### Goal of the exercise
For this exercise, write out only the lines of the entries below from the one with "Coque blanche pour Galaxy S7" up to and including the one with "Stainless Steel Pneumatic", exactly as they are. Pictures stay out.

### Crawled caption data
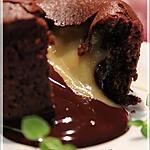 recette ~Fondant au chocolat à la Dijon~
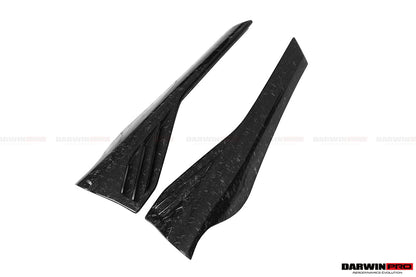 DarwinPRO BKSS Style Carbon Fiber Side Skirts Under Board | 2015-2021 McLaren 600LT, 540C, 570S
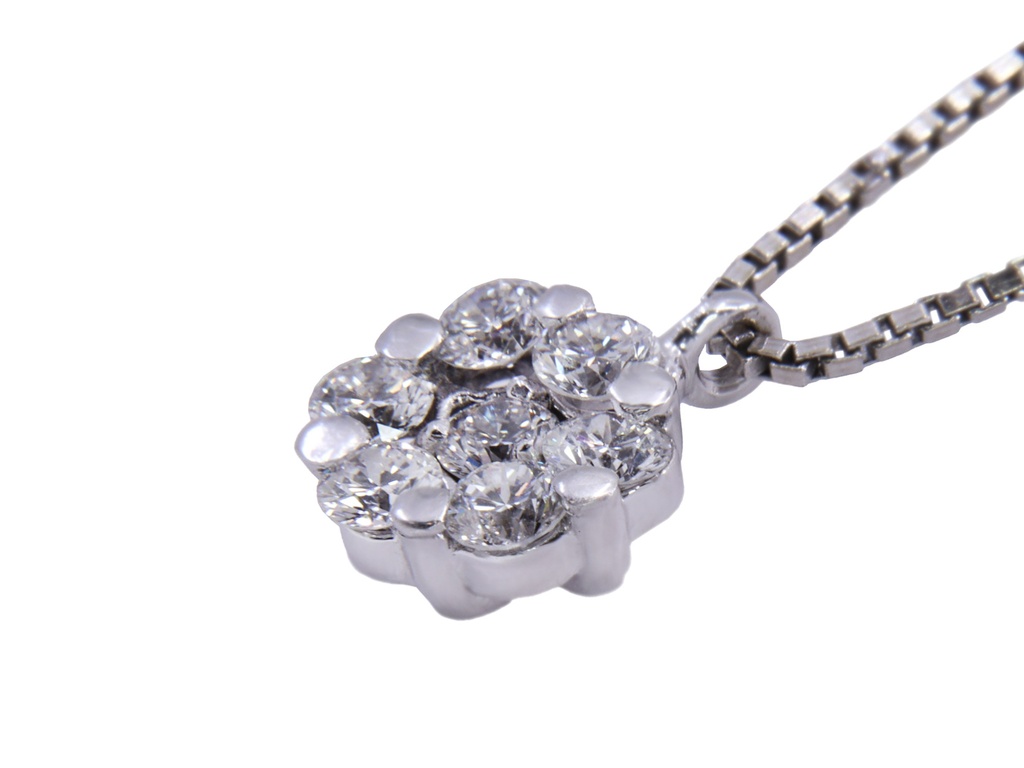 collana con ciondolo brill 0,20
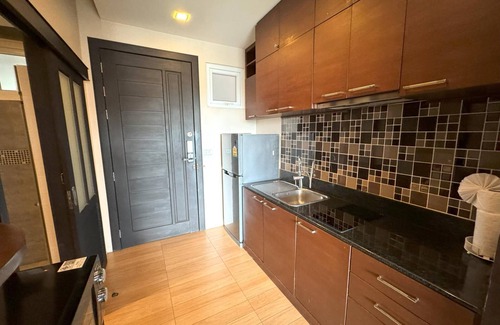 Karon Apartment | Spacious mountain view studio at Sea & Sky 206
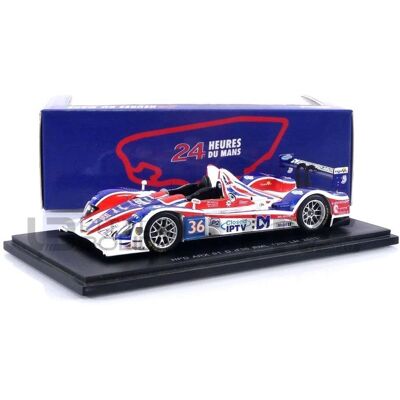 Spark S2534 HPD ARX 01 D - Voiture de course 1/43 Le Mans 2011 - Publicité Spark S2534 HPD ARX 01 D - Voiture de course 1/43 Le Mans 2011 - Publicité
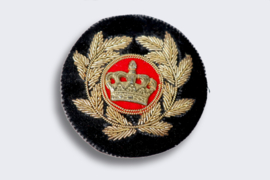 Visor Cap Emblem U.K.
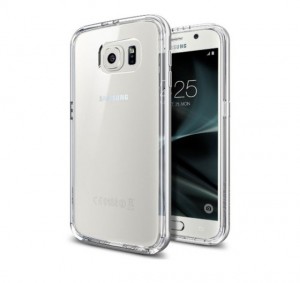 Coque blanche pour Galaxy S7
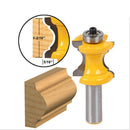 Alloy Router Bits Rail Stile Router Bits Woodworking Cutter Slot Router Bits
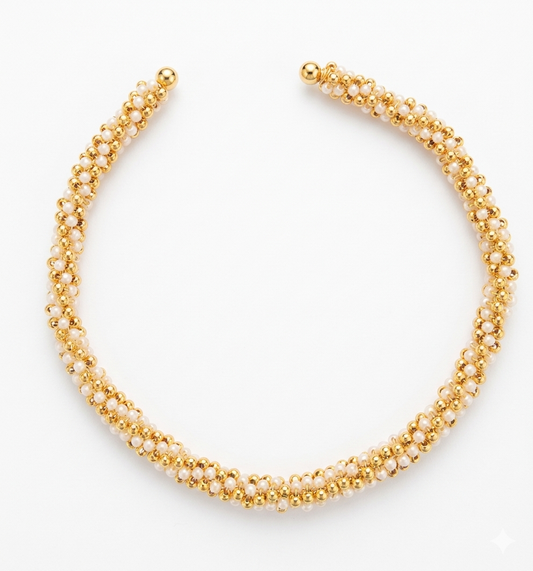 MONACO PEARLS CHOKER
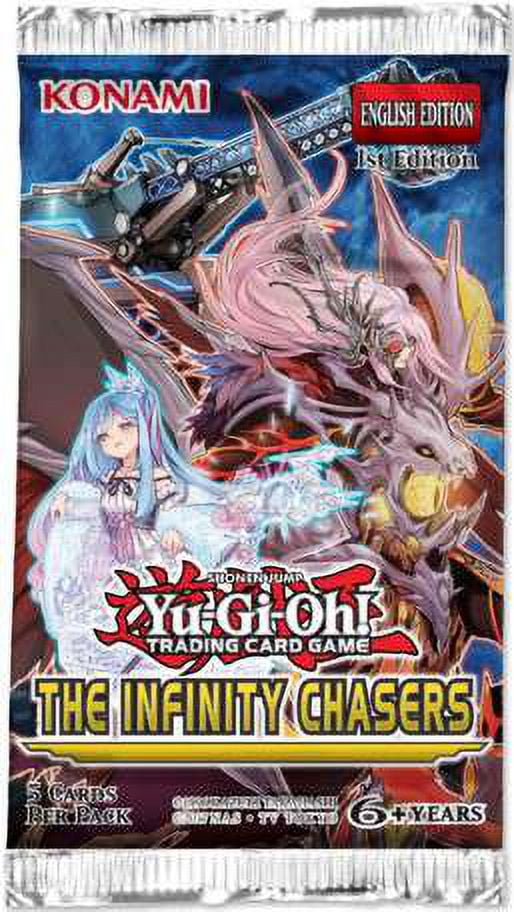 the infinity chasers booster box Yu-Gi-Oh! The Infinity Chasers Booster Box 1st Edition 24 Packs Sealed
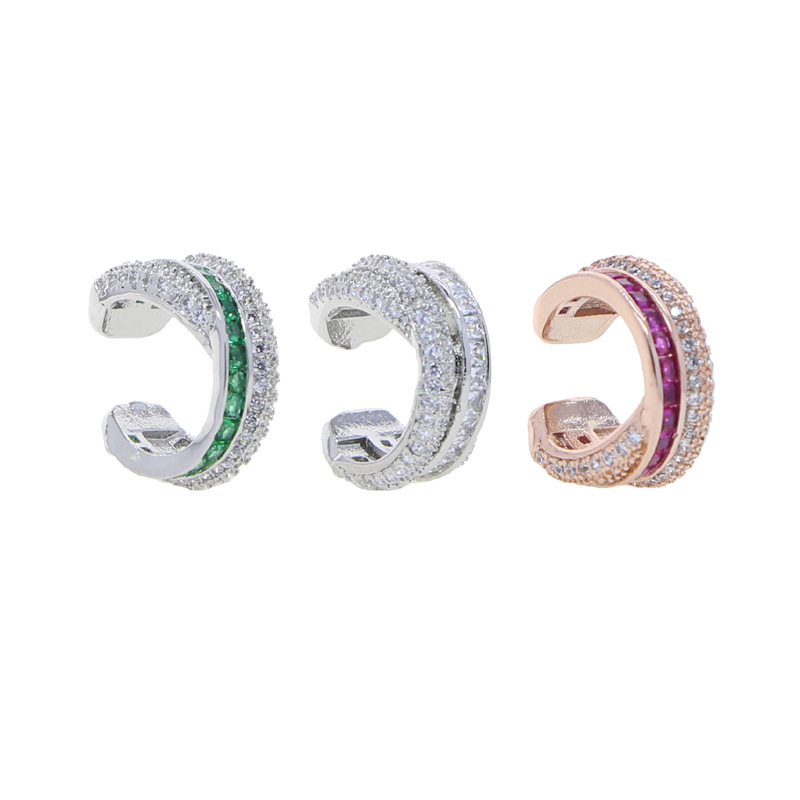 12g Weight Ear Cuffs Classification 1 Piece Quantity Holiday, Daily Occasion Copper Material Geometric Pattern All Seasons Season Women's Gender IG Style, Simple Style Style 1 Piece IG Style Simple Style Geometric Copper Ear Cuffs 7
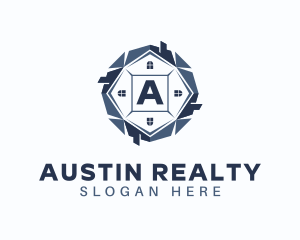 House Realty Broker logo design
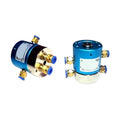 Stainless Steel Pneumatic Air Slip Ring 360 Rotation No Winding 1Mpa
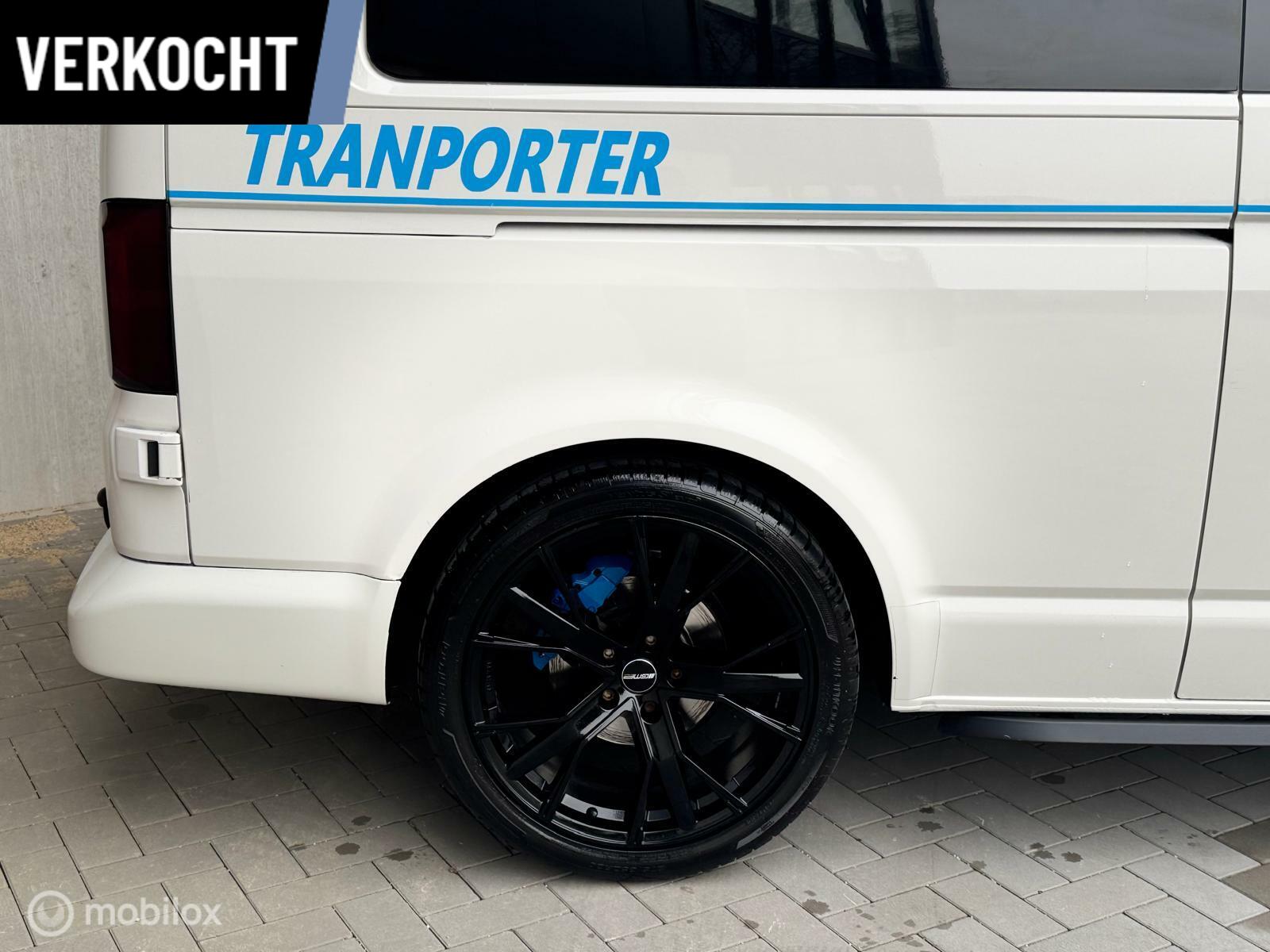 Foto van Volkswagen Transporter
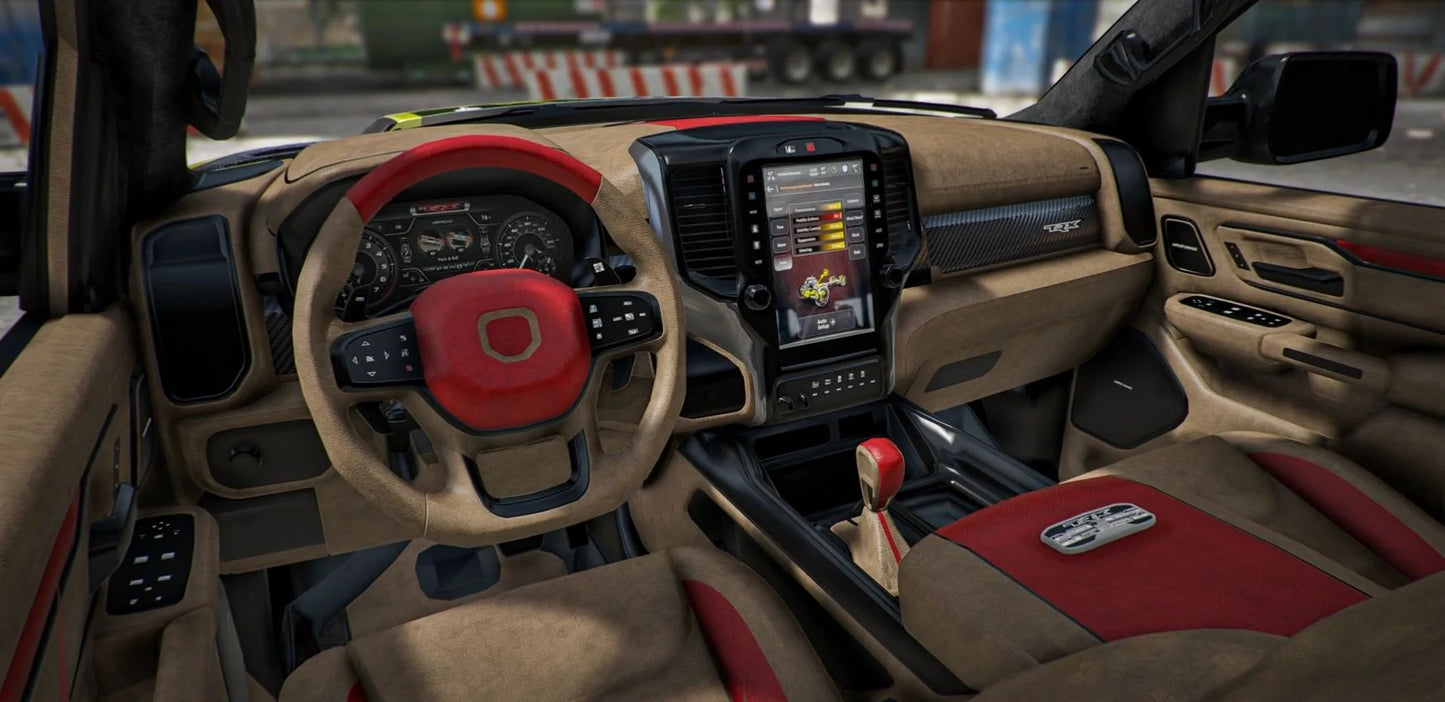 2022 Custom 1500HP 2 Door Dodge Ram TRX on Corleone Forged Rims | Mopar Mak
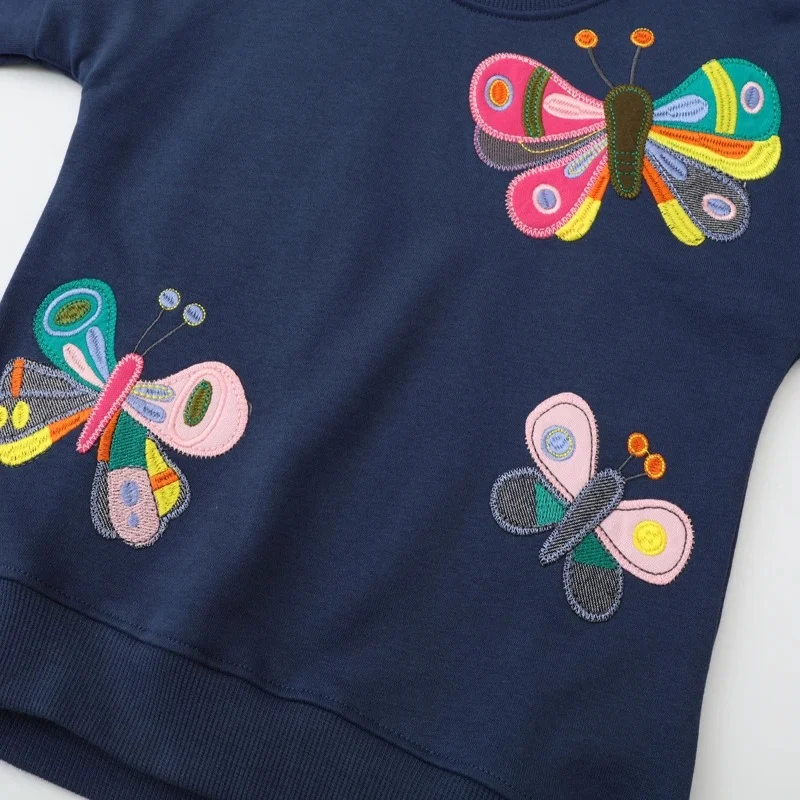 Title 5, Meisjes cartoon trui Casual top met lange mouwe...
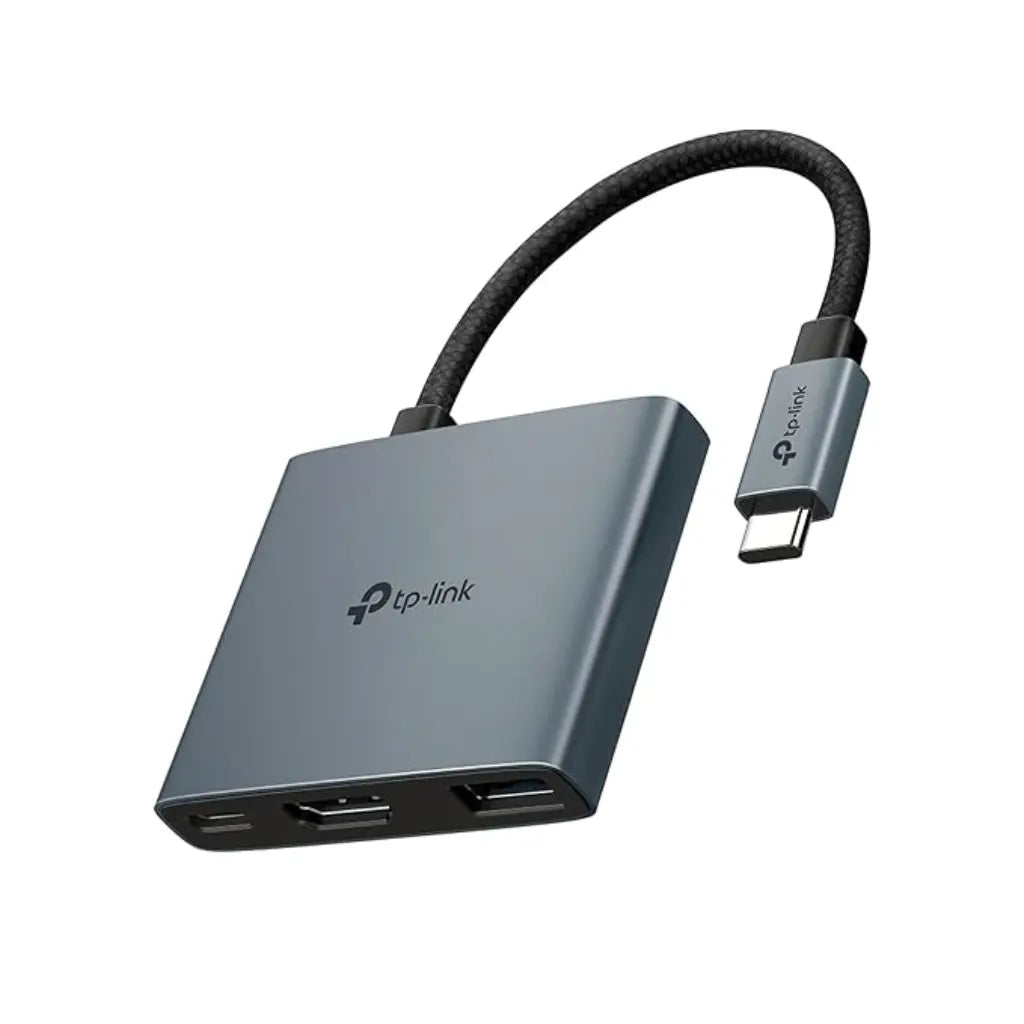 TP-Link UH3020C USB Type-C 3-in-1 Hub with 4K HDMI 100W PD Charging & USB-A 3.0 Port-tpstech.in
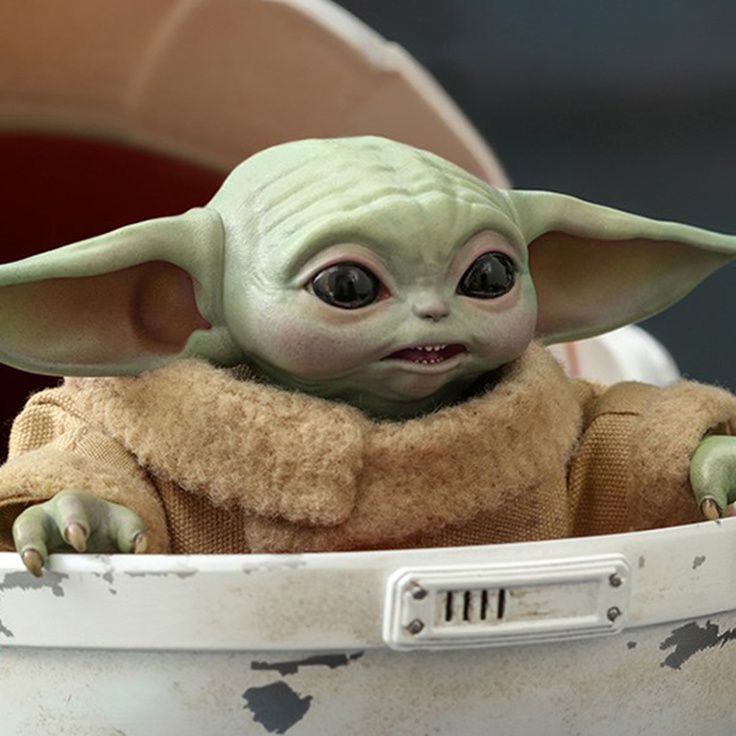 The Child - 1/4 scale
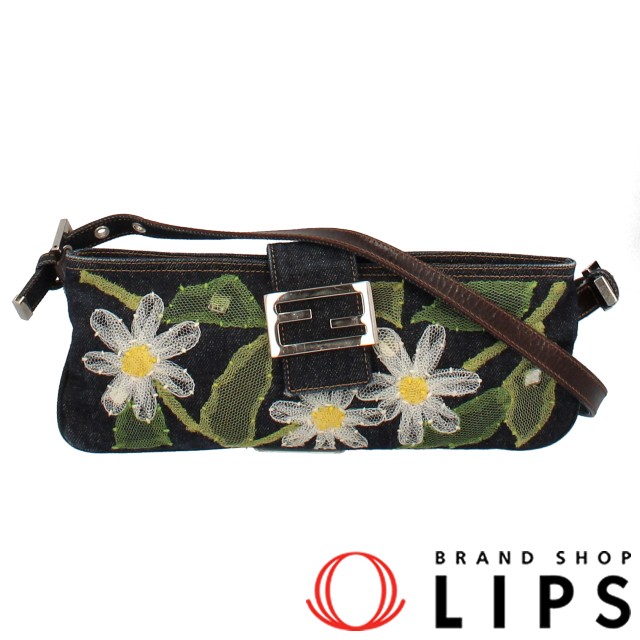 フラワー　ショルダーバッグ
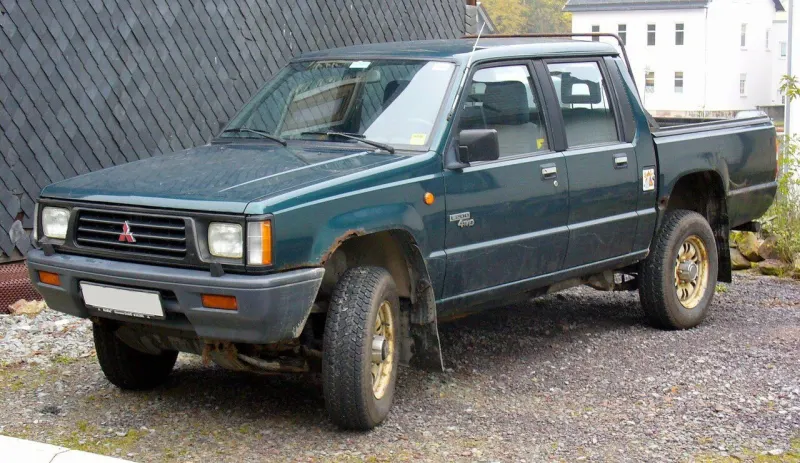Mitsubishi L200 Second generation (1986–1996)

### Worked solution
 Coque blanche pour Galaxy S7
 Alloy Router Bits Rail Stile Router Bits Woodworking Cutter Slot Router Bits
 MONACO PEARLS CHOKER
 the infinity chasers booster box Yu-Gi-Oh! The Infinity Chasers Booster Box 1st Edition 24 Packs Sealed
 12g Weight Ear Cuffs Classification 1 Piece Quantity Holiday, Daily Occasion Copper Material Geometric Pattern All Seasons Season Women's Gender IG Style, Simple Style Style 1 Piece IG Style Simple Style Geometric Copper Ear Cuffs 7
 House Realty Broker logo design
 Stainless Steel Pneumatic Air Slip Ring 360 Rotation No Winding 1Mpa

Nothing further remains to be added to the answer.